Task instructions =
Start at the line with "Entertainer Jackie Gleason" and print every line through the end of the material below. Keep it exact and free of pictures.

Top of Provided entries

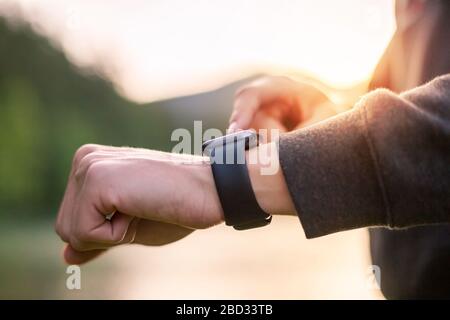 Man in nature using smartwatch app. Close-up hands Stock Photo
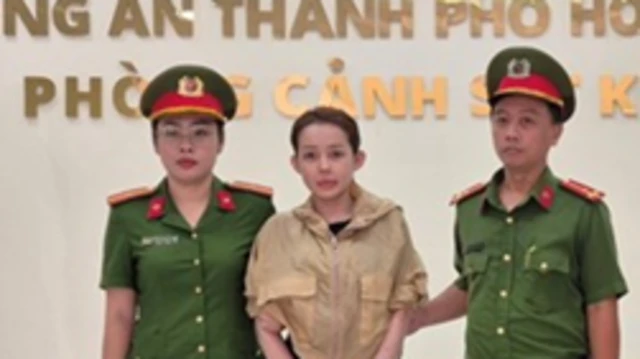 Hình ảnh của Ngân 98 bị xích chân, hai bên là hai nữ cảnh sát khiến dư luận xôn xao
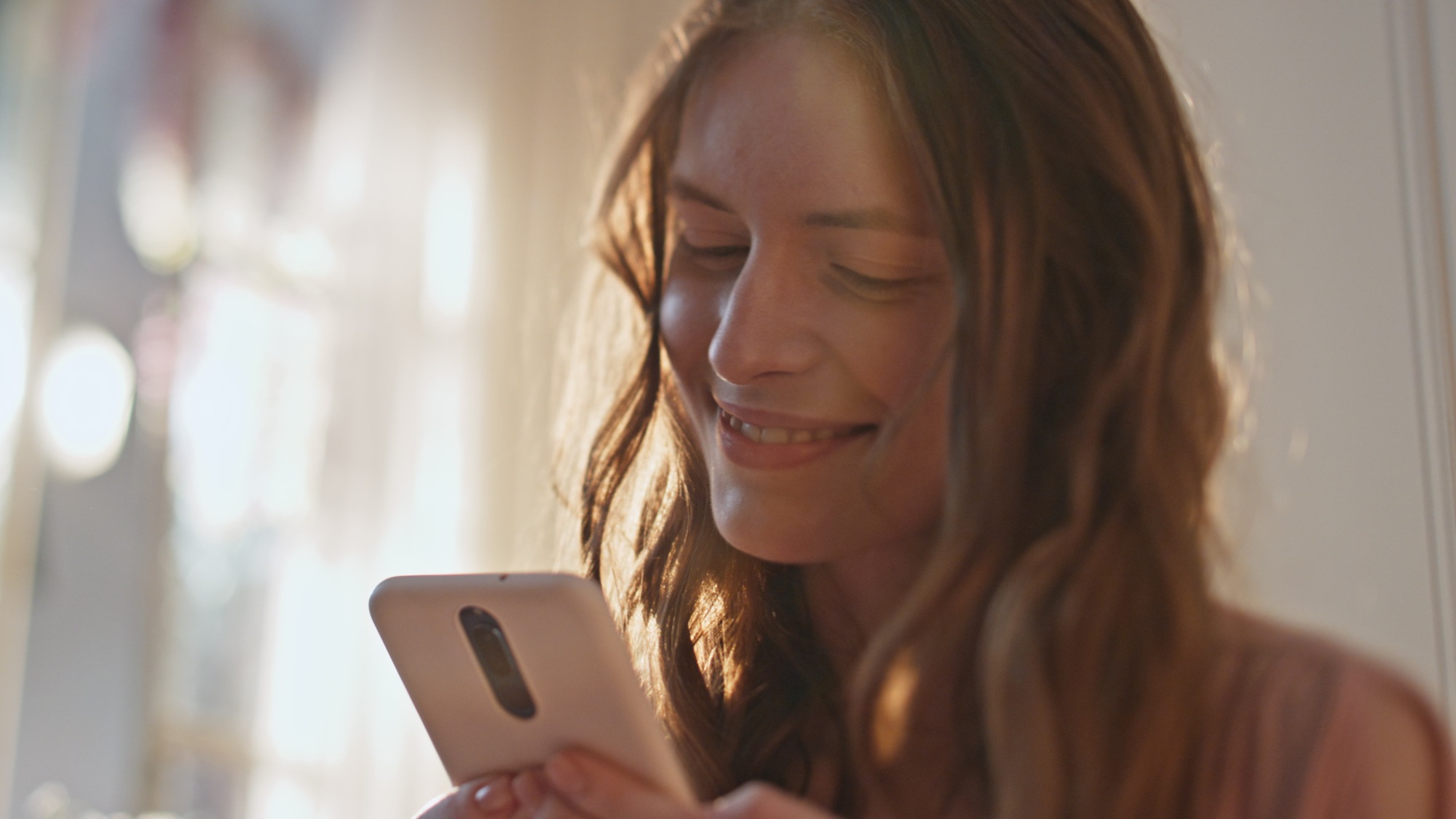 Joyful girl reading message sms in sunlight closeup. Happy teenager using mobile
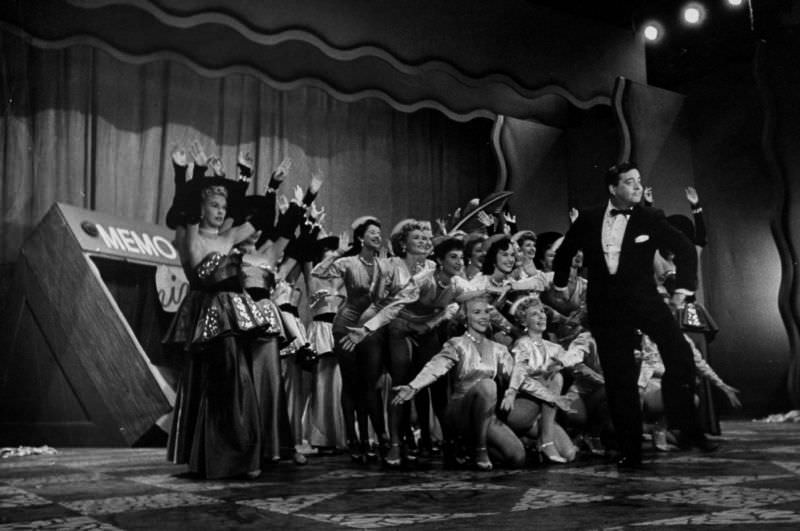Entertainer Jackie Gleason (C) executing his famous How Aweet It Is dance wlhile the chorus girls are taking a bow behind him, 1953.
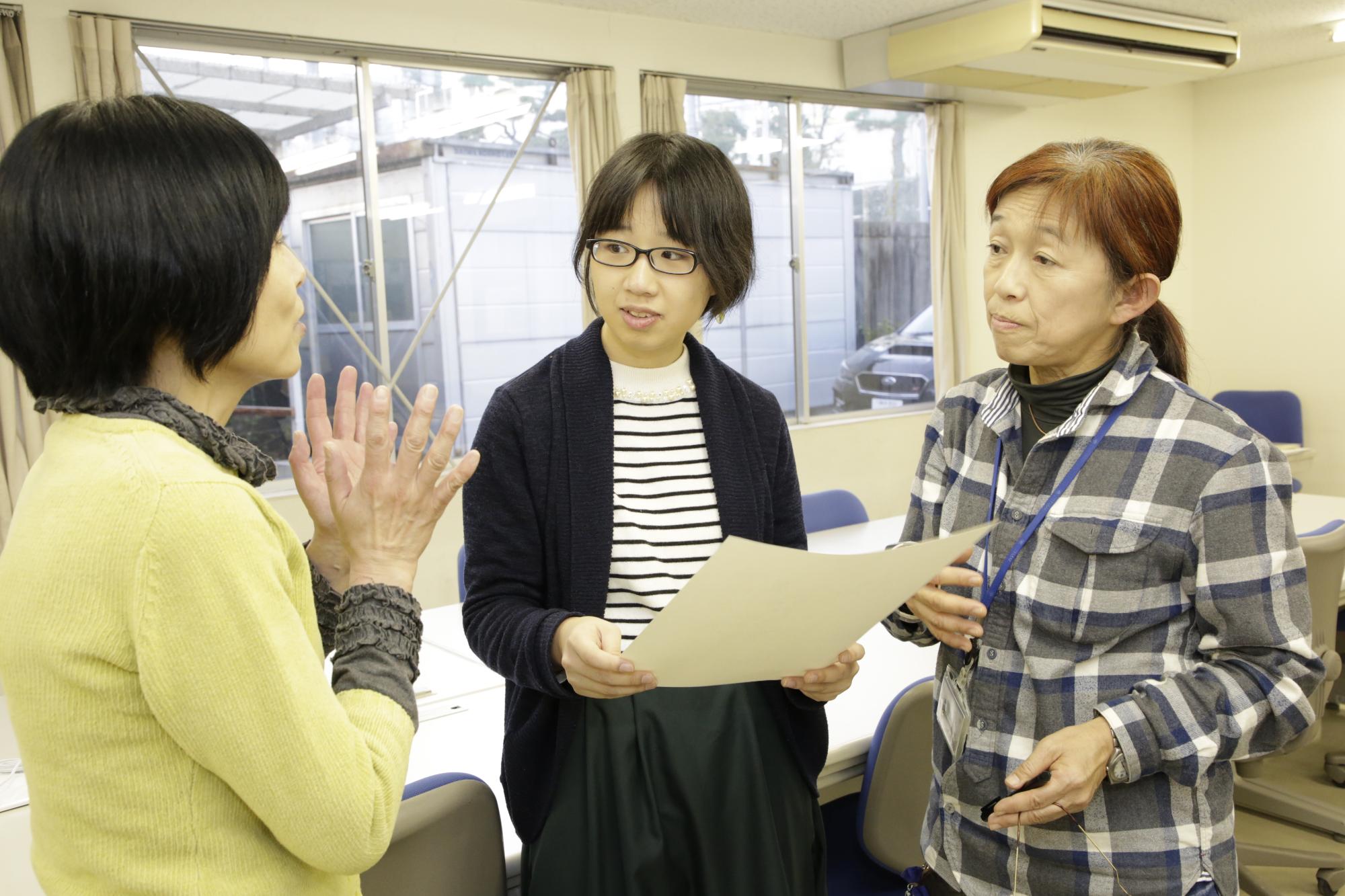 講師と学生の打ち合わせの様子を写した写真。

Bottom of Provided entries

Your response =
Entertainer Jackie Gleason (C) executing his famous How Aweet It Is dance wlhile the chorus girls are taking a bow behind him, 1953.
 講師と学生の打ち合わせの様子を写した写真。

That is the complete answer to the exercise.